A new report forecasts a gradual but steady rise in offshore oil and gas decommissioning in the UK and Norway over the next ten years.
Activity is set to grow from a market worth over £2 billion in 2015, according to
Decommissioning Insight 2016.
The report is launched today by Oil & Gas UK, the leading trade association for the UK offshore oil and gas industry, at an industry conference on decommissioning in St Andrews.
It is the first survey of both the UK and Norwegian decommissioning markets and provides the most comprehensive picture to date of anticipated activity in these two countries between now and 2025.
It confirms that decommissioning is a growing, if still emerging, market, despite low oil prices continuing to challenge the economics of the more mature offshore assets around the North Sea.
Total decommissioning expenditure in the UK and Norway last year was £2.1bn, compared with just under £1.6bn in 2014, and represented 5% of total industry expenditure, compared with 2% in 2010.
The total amount forecast to be spent on decommissioning on the UK Continental Shelf (UKCS) between now and 2025 is £17.6bn up from £16.9bn for 2015-2024.
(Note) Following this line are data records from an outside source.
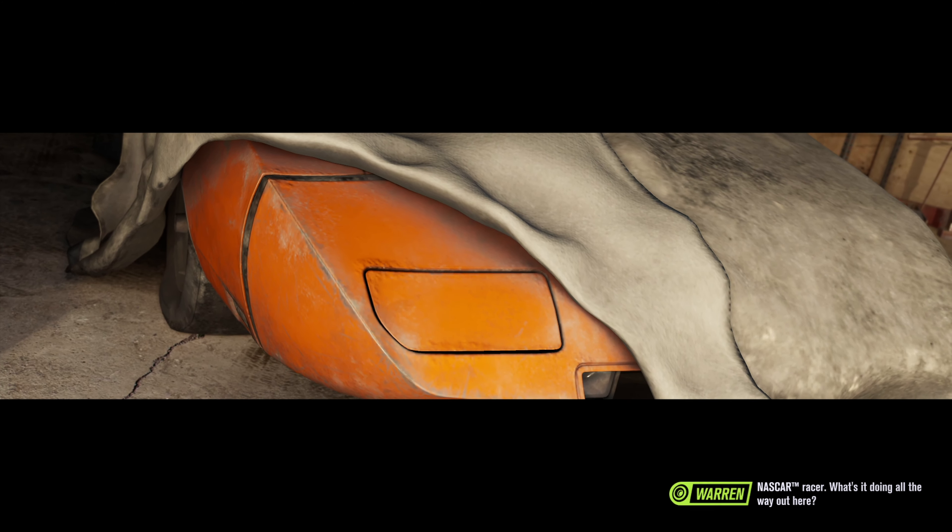69 Dodge Charger Daytona. Look at the size of that wing. This is a custom NASCAR racer. What's it doing all the way out here?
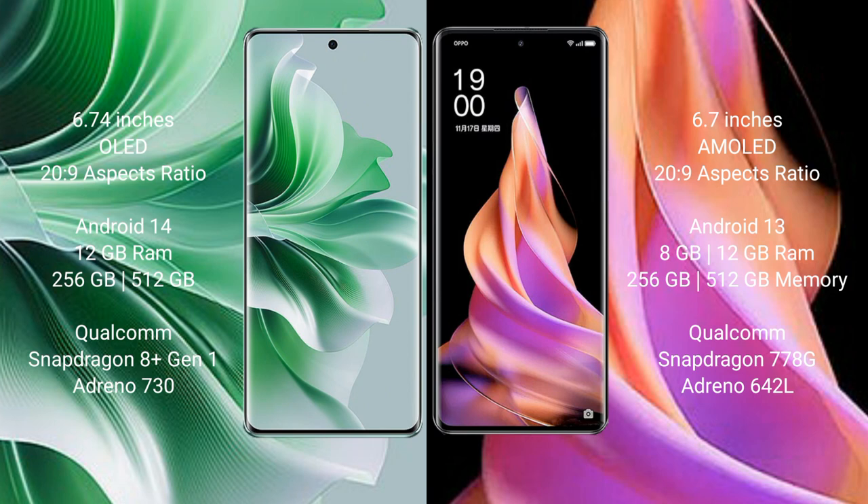The Oppo Reno 11 Pro runs on the Android 14 operating system, while the Oppo Reno 9 runs on the Android 13 operating system. The Oppo Reno 11 Pro comes with 12GB RAM and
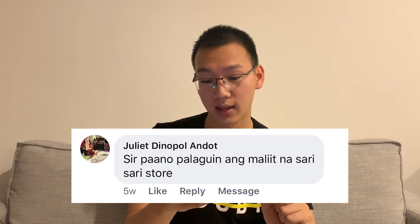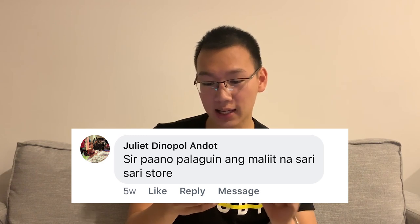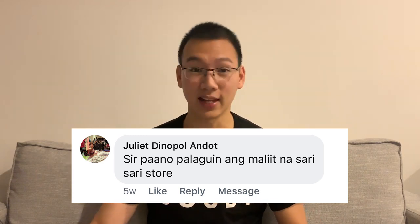So today, we're going to answer a question coming from a girl, Juliette Dinopole Andot, if I pronounce it right. So Juliette, thank you so much for asking this question. The question goes like this: 'Sir, paano palaguin ang maliit na sari-sari store?' So in English, that means: how can you grow your sari-sari store?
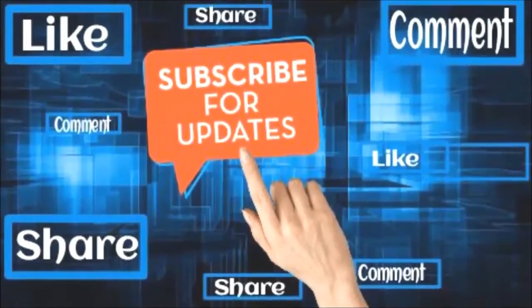Thank you for watching this video. Please like, share, and comment. To watch more videos click the subscribe button.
Mike Tholen, Oil & Gas UK’s upstream policy director, said: “With low oil prices continuing, you might expect decommissioning to be a key focus for the sector in the years ahead, however we are not witnessing a rush to decommission.
“Different factors are at play and the picture is much more complex.
“Some companies are deferring cessation of production as field life has been extended by sustained efficiency improvements; others are delaying activity due to cash-flow constraints.
“Elsewhere, companies may be expediting decommissioning to take advantage of falling costs in the current downturn.”
Most of the 52 new projects in this year’s report have been a long time in the planning. Over the next decade, there are more than 100 platforms forecast for complete or partial removal from both the UK and Norwegian continental shelves.
Over 1,800 wells are scheduled to be plugged and abandoned and around 7,500 km of pipeline is forecast to be decommissioned.
Mr Tholen continued: “Of the estimated £17.6 billion of decommissioning expenditure on the UKCS over the next ten years, more than 50 per cent of this market will be found in the central North Sea.